Minimizing the Risk of Employment Discrimination Litigation
The ultimate significance of the WFEA amendments remains to be seen. Under the old law, it was common for plaintiffs to use the early stages of the WFEA process for discovery and then file suit in federal court where the right to a jury trial and more expansive remedies exist. Now, plaintiffs may simply choose to exhaust the WFEA process, raising the stakes for employers at all stages of the WFEA process.

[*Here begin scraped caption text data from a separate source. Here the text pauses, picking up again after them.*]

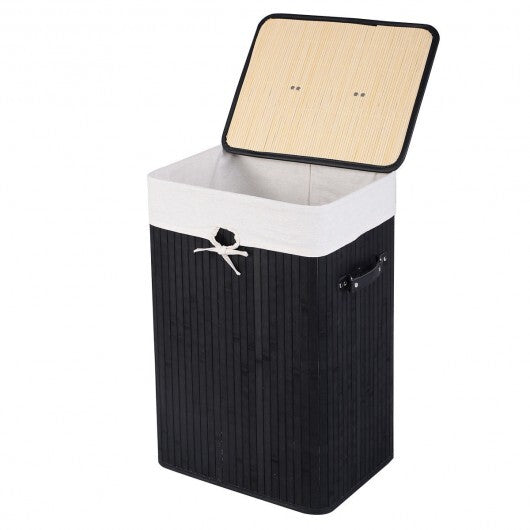 Rectangle Bamboo Hamper Laundry Basket Washing Cloth Bin Storage Bag Lid 3 color-Black LuxuryLifeWay Online Store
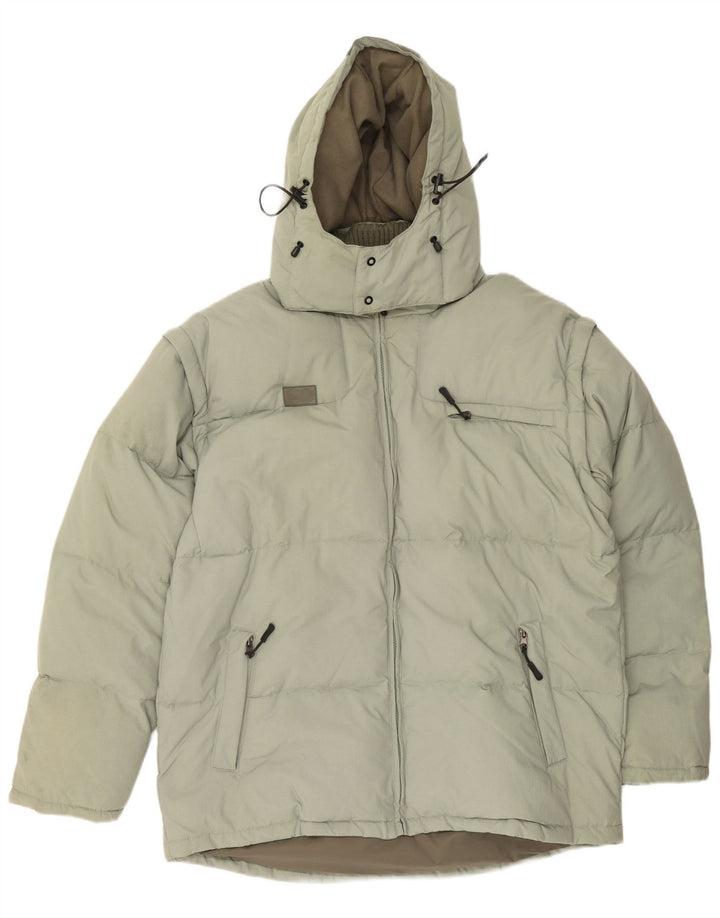 Fila Chaqueta acolchada con capucha para hombre UK 44 2XL Verde Colorblock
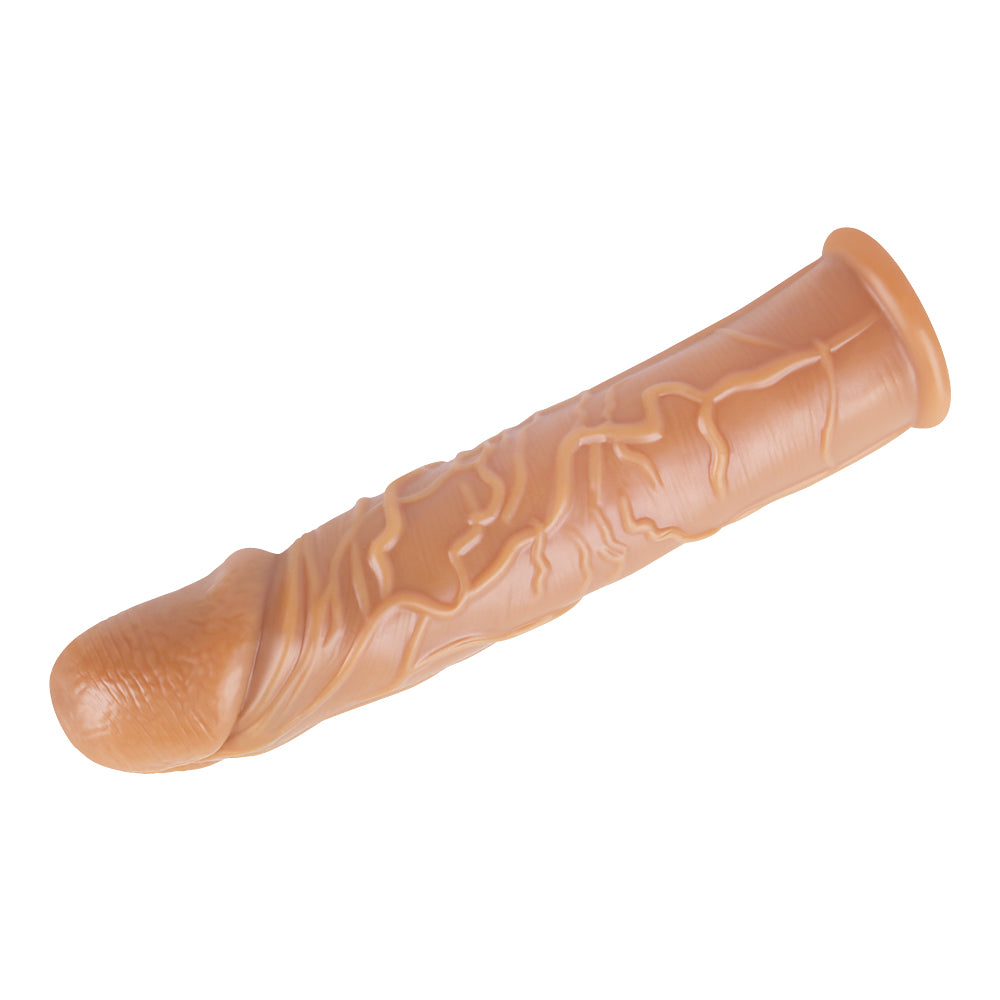Moremorelove Reusable Penis Sleeve Extender – Ultra-Soft TPE Penis Enlarger for Men, Realistic Cock Design, Hot/Cold Water Immersion for Sensational Pleasure, Couples Sex Toy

These amendments may change employers' defense strategies in areas such as: (1) the drafting of a position statement; (2) settlement/mediation; (3) the defense of "no probable cause" hearings, or hearings on the merits of a complaint; (4) appeals to LIRC; and (5) litigation in state courts.
Even with the increased remedies under the WFEA, however, employers should remember that the best defense remains a good offense:
- Hire the right people using appropriate procedures – e.g., application forms; interviews; references; drug testing; background checks; FCRA compliance; personality testing.
- Make sure that your anti-discrimination, harassment and other employment policies are well-written, widely distributed and consistently enforced.
- Conduct regular training with your managers, supervisors and employees, making compliance a top company priority.
- Investigate and address employee complaints in a prompt, thorough and fair manner, taking steps to ensure that no retaliation is allowed to occur.
- Give employees timely and accurate performance evaluations.
- Document all relevant employment actions, assuring that disciplinary forms, reviews and the like are accurate, straightforward and do not include irrelevant or personal commentaries that could embarrass or expose the company.
- Prepare an appropriate process for handling and communicating disciplinary actions or termination decisions, considering how a finder of fact might perceive the company's words and actions.
- Be mindful of confidentiality and the need for discretion in communications. Use extreme patience and caution when communicating with others. In today's high-tech world, everything you say and do may be captured electronically or on video.
- Consider whether and under what circumstances it makes sense to offer an employee a severance package in exchange for a release.
- Don't go it alone. Human resources professionals and qualified counsel can help.
Dale L. Deitchler is a Shareholder Littler's Minneapolis office. Jonathan O. Levine is a Shareholder in Littler's Milwaukee office. If you would like further information, please contact your Littler attorney at 1.888.LITTLER, email@example.com, Mr. Deitchler at firstname.lastname@example.org, or Mr. Levine at email@example.com.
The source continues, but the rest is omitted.